Nonactivated cells were lysed in Triton X-100 lysis buffer, Lck or CD2 were immunoprecipitated from the lysates, and immune complexes were subjected to in vitro kinase assays. CD2 immunoprecipitates from J.CaM1/Lck(C3A)-CD2 cells displayed substantially less kinase activity when compared with CD2 immunoprecipitates from J.CaM1/Lck(WT)-CD2 (Fig. 8⇓A). Because raft-resident Lck(WT) and raft-excluded Lck(C3A) displayed comparable kinase activities and autophosphorylation efficiency, this suggested that the association between CD2 and Lck is preferentially held in the rafts, and that association in the soluble phase is much reduced, albeit still detectable.

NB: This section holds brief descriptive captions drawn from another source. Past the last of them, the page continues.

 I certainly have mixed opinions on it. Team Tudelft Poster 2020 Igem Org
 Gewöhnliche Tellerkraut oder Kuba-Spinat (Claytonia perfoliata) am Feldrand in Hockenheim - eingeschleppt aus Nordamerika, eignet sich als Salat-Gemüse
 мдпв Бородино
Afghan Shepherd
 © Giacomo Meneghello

Given that the T cell-specific Src-like kinase Fyn has also been shown to contribute to some of the CD2-associated kinase activity, we tested whether Fyn could also associate with CD2 in J.CaM1/Lck(WT)-CD2 and J.CaM1/Lck(C3A)-CD2 cells. The primary CD2 immune complexes were disrupted by heat and SDS, and Fyn as well as Lck were reprecipitated. As can be seen from the lower panels of Fig. 8⇑A, both Lck and Fyn are clearly present in CD2 complexes from J.CaM1/Lck(WT)-CD2 cells, but mostly absent from CD2 immunoprecipitates from J.CaM1/Lck(C3A)-CD2 cells, indicating that in nonactivated cells CD2 associates with both kinases mostly within lipid rafts.

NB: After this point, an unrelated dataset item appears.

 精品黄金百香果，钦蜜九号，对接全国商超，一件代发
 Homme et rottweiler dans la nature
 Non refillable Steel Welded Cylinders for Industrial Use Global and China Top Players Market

Using the set of Lck mutants expressed in J.CaM1 cells, we tested the signaling ability of CD2 molecules dispersed in the soluble phase of the membrane vs CD2 molecules in rafts. J.CaM1/Lck(WT)-CD2 and J.CaM1/Lck(C3A)-CD2 cells, as well as the control J.CaM1-CD2, were stimulated with the CD2 mAb OX-54 and OX-55. At different time points, reactions were stopped and lysates analyzed by Western blotting for tyrosine phosphorylation (Fig. 8⇑B). J.CaM1/Lck(C3A)-CD2 cells had actually a faster response, peaking at 1 min, but a response that declined fast as well, whereas J.CaM1/Lck(WT)-CD2 displayed the peak of phosphorylation of a larger number of substrates at 2 min, and with a more sustained response (Fig. 8⇑B).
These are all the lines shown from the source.